In other words, the “traditional” sense of the problem still exists, even if you meet the 80% free space requirement, AND your fragmentation report shows ‘100’, because all that means is that all of the free space is available in blocks equal to your vdev’s ashift size.
Please correct and/or educate me if I have misread and/or misinterpreted what Chris’ block is saying.
But if I read and understood it correctly, you can basically achieve this, albeit relatively slowly, by just doing random writes to the HDD where the size of the random write = to the vdev’s ashift.
(i.e. if your vdev’s ashift=12, then you can create this condition/scenario where you will meet the 80% free space requirement AND have a “100” fragmentation value via 4 kiB random writes such that once those conditions are met, and then you write a file that is larger than 4 kiB, ZFS would have to find all of those shotgunned 4 kiB blocks and write your new, bigger file, as a dispersed file in those 4 kiB chunks.
So long as the 80% free space ISN’T contiguous, you’re still going to run into the “traditional” fragmentation problem (which reduces performance due to an increase in access time latency).
From Chris’ blog (post spacemap histogram):
“This table defines a segment size based fragmentation metric that will allow each metaslab to derive its own fragmentation value. This is done by calculating the space in each bucket of the spacemap histogram and multiplying that by the fragmentation metric in this table. Doing this for all buckets and dividing it by the total amount of free space in this metaslab (i.e. the total free space in all buckets) gives us the fragmentation metric. This means that a high fragmentation metric equates to most of the free space being comprised of small segments. Conversely, if the metric is low, then most of the free space is in large segments.
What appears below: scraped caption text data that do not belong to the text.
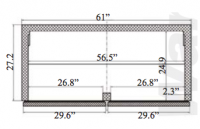 Serv-Ware Two Door Sandwich/Salad Prep Table SP60-16-HC 15.5 cu. ft. - Image 3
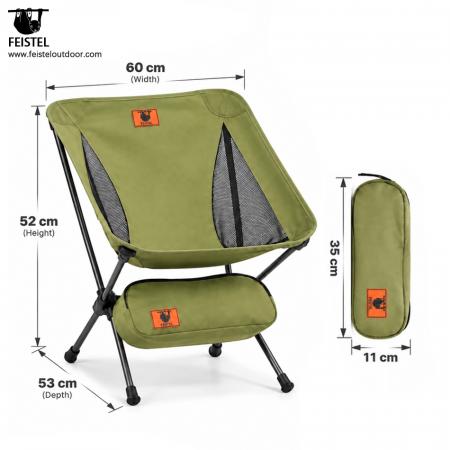 Green Folding Camping Chair – 2.29lb Lightweight Low-Profile Chair, 7075 Aluminum Frame, 600D Oxford, 250lb Capacity 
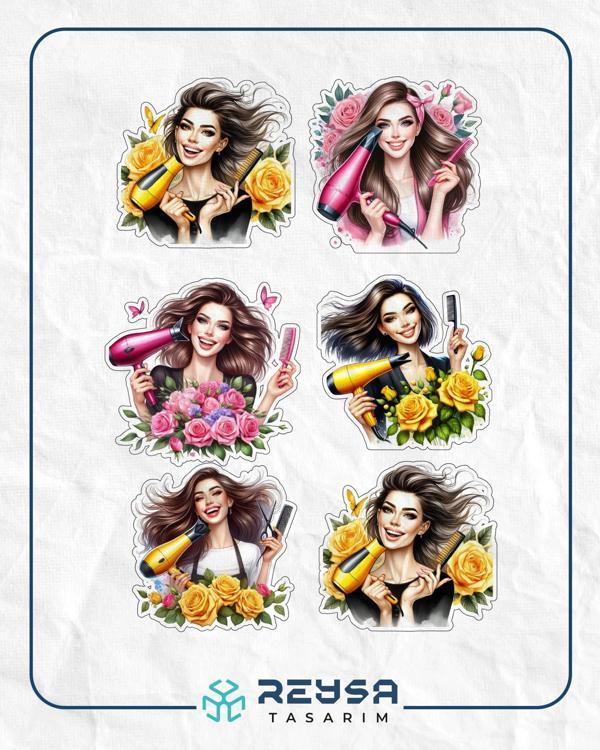 Kuaför Sticker Set - Image 1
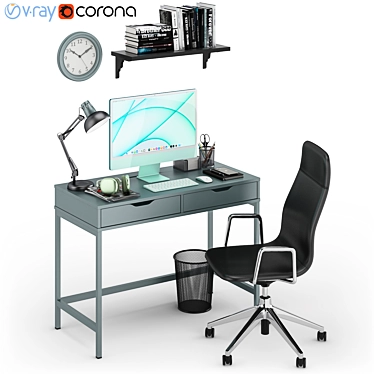 Green iMac Workspace: Complete Set for Productivity 3D model image 1 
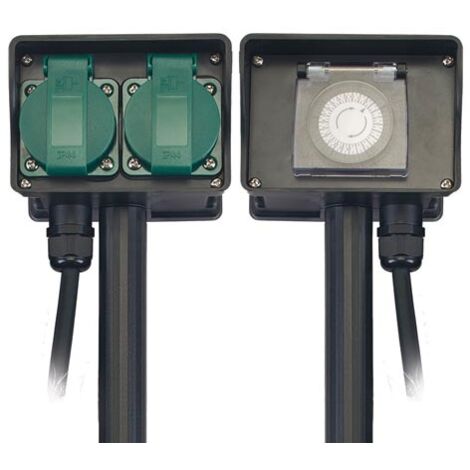KESSER® Enchufe De Jardín Con Aspecto De Piedra Con 4 Tomas - Con Función WiFi Control Vía App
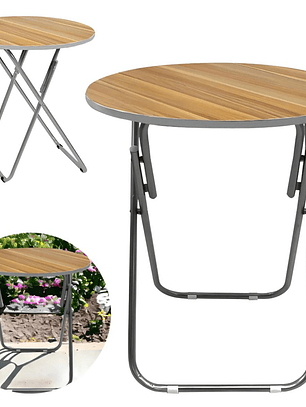 Mesa Plegable Redonda 60X60Cm - Color Marrón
A 10% change in fragmentation equates to approximately double the number of segments.”
If your vdev is comprised of 4 kiB blocks (i.e. ashift=12 (which is I think the default in TrueNAS Core)), and you still want to meet the 80% free space recommendation, but still hit the 100% fragmentation value, then what it means is that every 5th block out of 5, is a free block.
data-data-data-data-free (repeat)
You have that block pattern across your entire HDD, and you will be able to statisfy both conditions: 80% free space AND 100% fragmentation
Thus, when you write a 16 kiB file, you will need to write it on blocks 5, 10, 15, and 20.
(if you numbered the blocks with the first block of the vdev starting from 1)
Having 80% free space isn’t going to help with this problem.
Per Chris’ blog, having a lower fragmentation value just means that the free space is in larger chunks.
But if you have a repeating pattern as shown above, you can satisfy both conditions AND still have a corresponding access time/latency increase, which will adversely affect your ZFS pool’s performance, and thus; you still end up with the same/more “traditional” fragmentation problem.